連載 まだまだ花咲きまっせ おせいさん、介護街道爆進中 第7回 死の荘厳

俣木聖子
一九四四年生まれ。大阪府堺市在住。二〇〇〇年に夫の泰三氏が介護支援事業会社「シャローム」を創業したことを機に、その運営に携わる。現在は同社副会長。

 

おせいさんが國世さんと初めて会ったのは三年前。シャロームの有料老人ホーム「晴れる家」に入居された日だ。
國世さん八十五歳だった。色白の美人だ。美しい笑顔であいさつをしてくれた。國世さんの笑顔には、人を引き付ける輝きがあった。
ご主人はすでに召されていた。國世さんは独居で頑張っていた。しかし、パーキンソン病を発症して、一人で在宅は無理になった。
彼女はいつも聖書を読んでいた。聖書のどのページにもびっしりと書き込みがあった。
物静かな表情の中に明るい光をまとっていた。
おせいさんは、そんな國世さんに憧れた。
信仰の話を盛りだくさんにしゃべるわりには、外から見ても何も素晴らしいものが出てこない人がいる。そんな人の話はうんざりだ。國世さんはそんな人とは真逆であった。

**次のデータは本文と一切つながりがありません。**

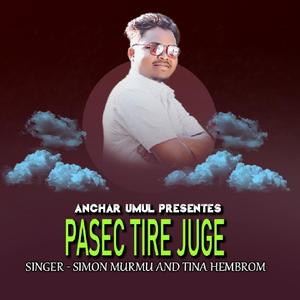 Pasec Tire Juge ( Santali Song )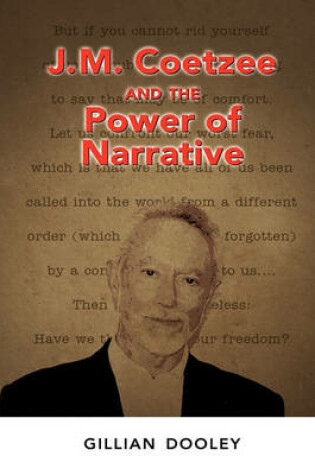 Cover of J.M. Coetzee and the Power of Narrative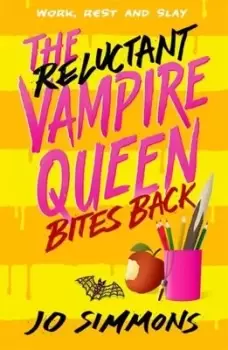 Image of The reluctant vampire queen bites back - Jo Simmons - Paperback - Used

入居されて少しの間は、施設の礼拝に出ていたが、それも取り去られた。ほとんどベッド上での生活だった。チャプレンは部屋を訪ね、礼拝のメッセージを届けた。
二人で分かち合いをして、お祈りをした。國世さんにとって嬉しい時だったことだろう。
来る日も来る日も同じような時の流れの日々だ。長く話すこともままならなかった。
スタッフの介助には、かならず「ありがとう」と輝いた微笑みが添えられた。
日本語をまだまだ自由には使いこなせないフィリピン人のスタッフは、國世さんの優しさに助けられていた。たどたどしい日本語に、國世さんは深くうなずいていた。そのうなずきはフィリピン人スタッフに、遠く離れているお母さんを思い出させた。
國世さんは、体も自由にはならず、食も細っていった。
そんな中で、彼女は起きている時は聖書を読んでいた。
静かに時が流れていった。今年の冬、この世の命の閉じる日が迫ってきた。
「國世さんの教会の牧師先生に来ていただいて、最後の礼拝をしますか?」とガーデン長が尋ねた。

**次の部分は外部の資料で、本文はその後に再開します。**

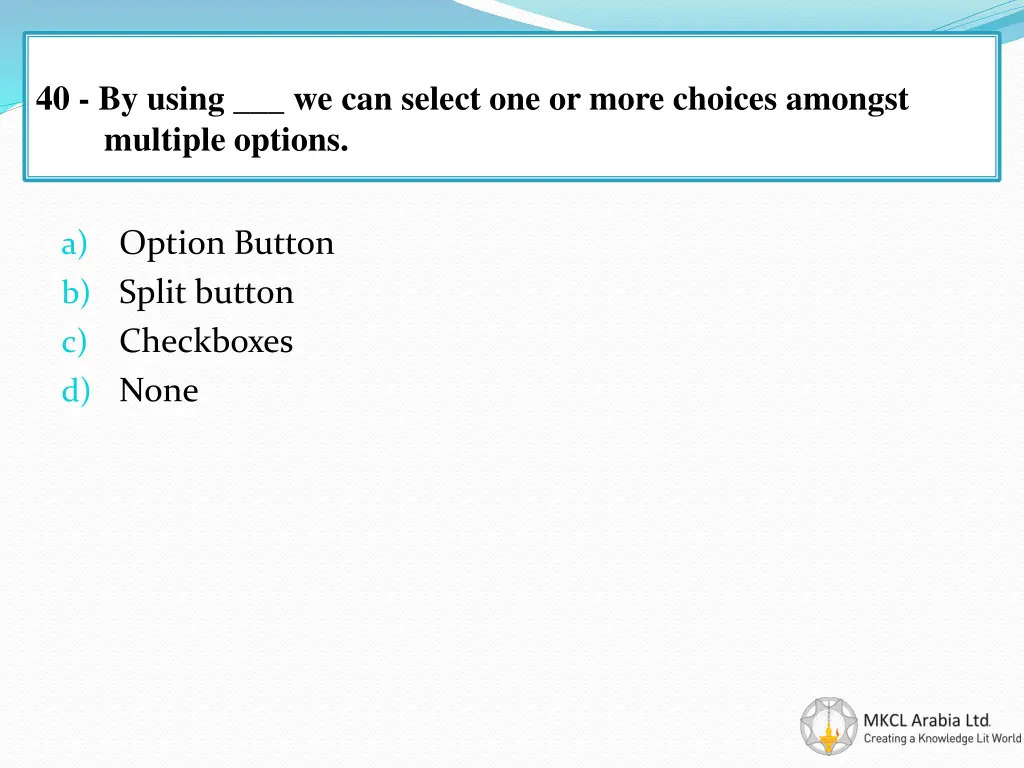 40 by using we can select one or more choices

「感謝です。自分のこれから行くところはイエス様のおられるところで、夫もいるところです。この世の感謝を神様とお世話になった人にお伝えして、お別れできたら、素晴らしい備えの時です」
八十八歳。天国の希望を抱いて、復活の信仰を持っている、輝いた時間だ。
狭い部屋で、牧師先生ご夫妻、特に親しかった教会の信徒さん三人と、この地上での最後の礼拝をされた。
晴れる家では、たくさんの方々のお看取りをさせていただいたが、ご本人に最期を伝えたのは國世さんが初めてだ。
おせいさんが最後の訪室をした。國世さんはもう点滴も外していた。目は開いていた。話すことはできなかった。まだ血圧も安定していた。彼女のそばで、詩篇を朗読した。
國世さんは、ほんの少し微笑んだ。澄んだ瞳だった。
聖書に一枚のハガキが挟んであった。大事な方のハガキなんだろうと思った。この方は國世さんの今を知っているのか? ハガキは何十年も昔のものだった。
この方に國世さんは会いたいのではと思い、八方手を尽くした。お祈りのおかげで、ハガキの主の居所が分かった。
國世さんが召される前に、この方との再会がかなうようにと祈った。
召される前日に、その友は施設に来られた。ご高齢だったから、ご家族が一緒に付き添っておられた。
「私をよく探してくださいました。ありがとうございます。こんな素晴らしい時に國世さんとお別れができるなんて、神様の恵みです」
何度もおせいさんにお礼を言われた。あのハガキが自分の目に触れたことを、おせいさんは感謝した。
國世さんは目をぱっちりと開いて、会いたかったであろう友を、まばたきもせず見ていた。
二人は手を取り合って泣いた。間に合って良かった。おせいさんは深く神様に感謝した。
人が死を目前にして、こんな美しい穏やかな時を過ごせるなんて。神様とともに歩む死の荘厳さを味わった。ガーデン長の奏でるギターに合わせて、賛美歌が廊下に響いた。
國世さんは次の日の早朝に召された。
施設から出棺だ。施設の玄関でガーデン長がギターを弾いた。チャプレンがお祈りをして、お見送りをした。スタッフとご入居者様と一緒に。
國世さんは、優しさと強さと神様を信じて生きる希望をスタッフに残してくれた。